Ela não veio a revelar mais nada, e Enzo sempre se perguntou como ela acabou arranjando confusão com o tal feiticeiro. Em todos os aspectos, Beth era pacífica, uma alma amena naquela sociedade caótica. Diferente dele, dedicava sua existência a uma causa. Usava seus dons para salvar as pessoas, as curando em casos graves e sem salvação. Enzo era uma pessoa sem causa. E, apesar de ser extraordinário, era apenas mais um ninguém. Outro infernal daquele submundo.

— Enzo? — ela o chamou, o tirando da linha tênue que eram seus pensamentos. O sono o induzia a ter aquelas viagens pela mente, pensando em coisas que o tiravam de situações reais. — Você está bem?

Ele olhou para ela. Fazia tempo que ela não tingia o cabelo como gostava de fazer, as mechas já estavam desbotando, ficando num cinza apagado. A franja, que caia por cima de um dos olhos, já estava totalmente cor de aço.

— Estou — disse, sem muito norte da situação. — Você disse que está de saída. Como?

— Eu avisei. Já está na hora de eu ir. — Ela colocou uma mão no ombro dele. Piscou lentamente, o olhar se desmistificando embaixo dos cílios compridos e cinzentos. Tinham quase o mesmo tamanho, por parte de Enzo, por ser alto, e pelo fato de Beth ser um pouco baixa. — Já fiquei tempo demais aqui.

— Mas… — ele começou, insatisfeito, com a voz controlada saindo pela garganta seca. — Você não pode.

— Sim, eu posso — retrucou Beth, achando a situação um pouco engraçada. — Olhe, sei que você gosta de mim, e eu também gosto muito de você. É por isso que estava saindo de noite, para não magoar ninguém.

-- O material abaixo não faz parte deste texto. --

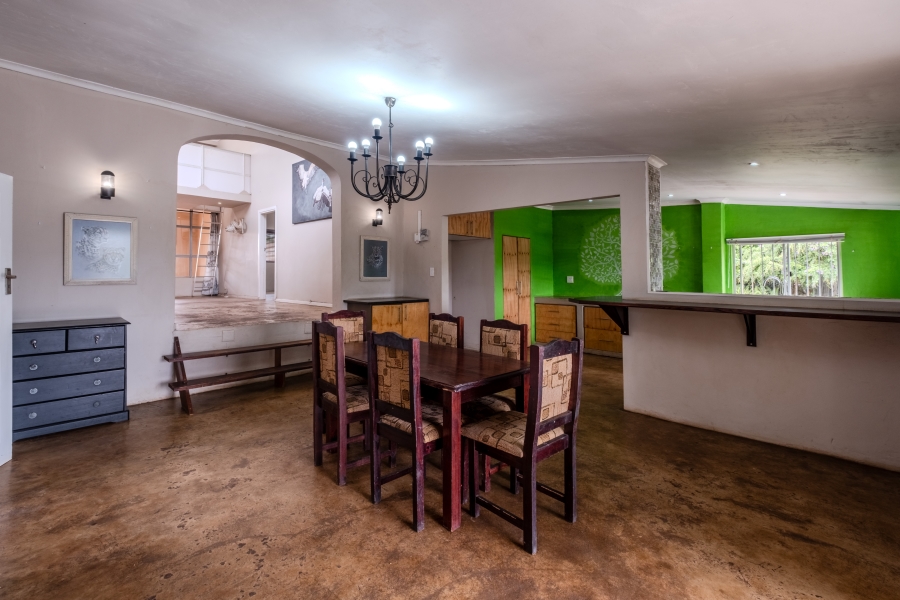 3 Bedroom Property for Sale in Park Hill KwaZulu-Natal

— Ia acabar magoando mais.

Ela não respondeu, engoliu em seco a resposta dele, sabendo que ele tinha razão. Não havia despedidas felizes, e os dois sabiam disso. Ela era o mais próximo de família que ele tinha, e, mesmo que ele se apegasse com as outras crianças, nunca se sentiria a vontade. Não podia viver num mundo a qual não pertencia, podia se engar, mas viver entre ordinários era algo desconfortante. Tinha que conhecer outro infernal.

— Você mesma me disse que nós, magos, somos poucos. — continuou insistindo. Beth virava o rosto. Lágrimas ardiam no rosto dele, involuntariamente. Era órfão de pai e mão, jogado na porta daquele abrigo sem memória alguma. Sua única família estava indo embora. — Temos que ficar juntos. Você me fez de seu aprendiz por isso.

Ela apertou mais os dedos no ombro dele, e, por um segundo, achou que ela fosse o agredir.

— Enzo, eu tenho um marido, amigos e uma vida. Os deixei para vir para cá, atrás do que procurava. Eu já encontrei, agora preciso voltar.

Enzo jogou as mãos para cima, desdenhando a conversa.

— Você nunca me disse o que veio achar aqui.

Ela hesitou em falar, o olhou dos pés a cabeça de uma forma que fez ele se arrepiar.

— Vim ajudar uma amiga de longa data, mas ela não precisa mais de ajuda. Tenho que voltar. — Beth respirou fundo para poder olhar para ele novamente. Lágrimas brotavam e reluziam no canto dos olhos. Ela colocou levemente seus dedos no queixo dele, e Enzo pôde ver os anéis reluzindo a pouca luz do lugar. — Você é como um filho para mim, Enzo.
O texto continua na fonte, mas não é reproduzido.